## Information given:
╭──
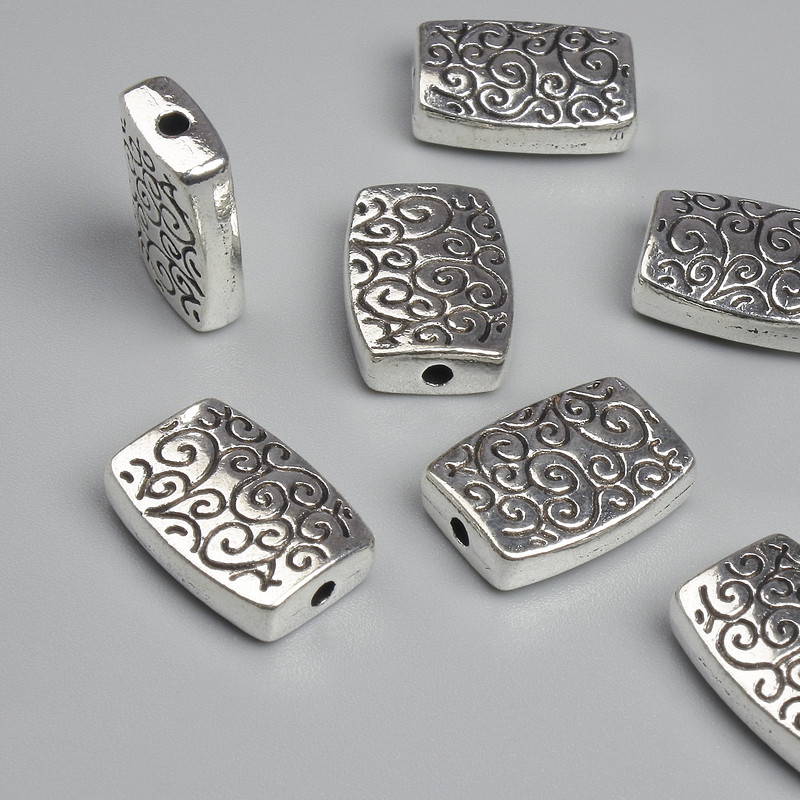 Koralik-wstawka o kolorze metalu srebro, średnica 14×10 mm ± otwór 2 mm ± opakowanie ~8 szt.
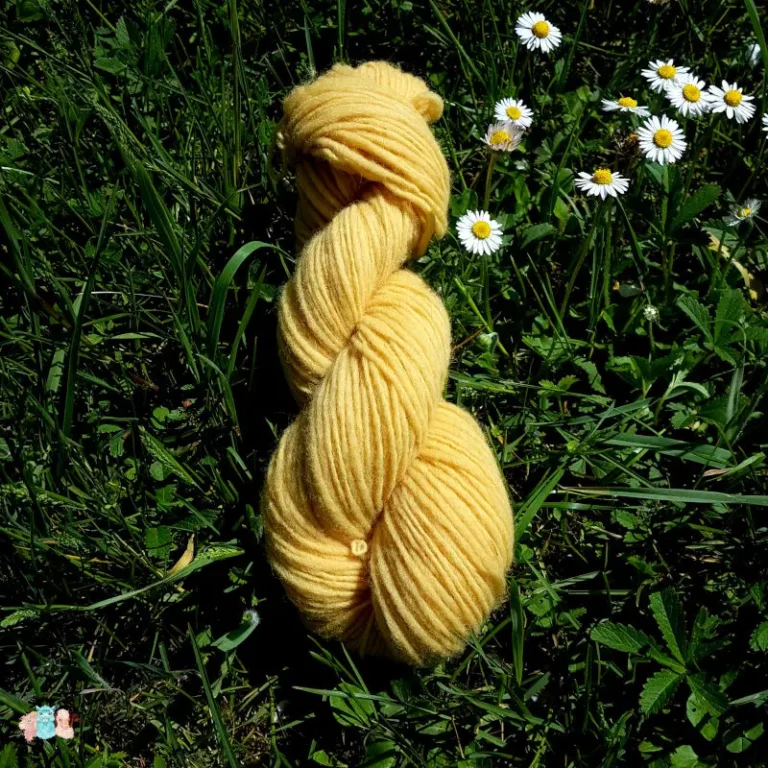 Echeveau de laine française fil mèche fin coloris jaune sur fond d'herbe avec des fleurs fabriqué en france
╰──
╭──
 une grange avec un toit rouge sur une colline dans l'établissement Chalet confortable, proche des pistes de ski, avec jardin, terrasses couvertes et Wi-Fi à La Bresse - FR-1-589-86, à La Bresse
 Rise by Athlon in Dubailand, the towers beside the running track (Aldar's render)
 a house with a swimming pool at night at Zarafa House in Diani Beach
╰──
## Problem:
Within these entries, output exactly the lines starting at the one with "Koralik-wstawka o kolorze" and finishing at the one with "Echeveau de laine". Leave pictures out of the output.

## Result:
 Koralik-wstawka o kolorze metalu srebro, średnica 14×10 mm ± otwór 2 mm ± opakowanie ~8 szt.
 Echeveau de laine française fil mèche fin coloris jaune sur fond d'herbe avec des fleurs fabriqué en france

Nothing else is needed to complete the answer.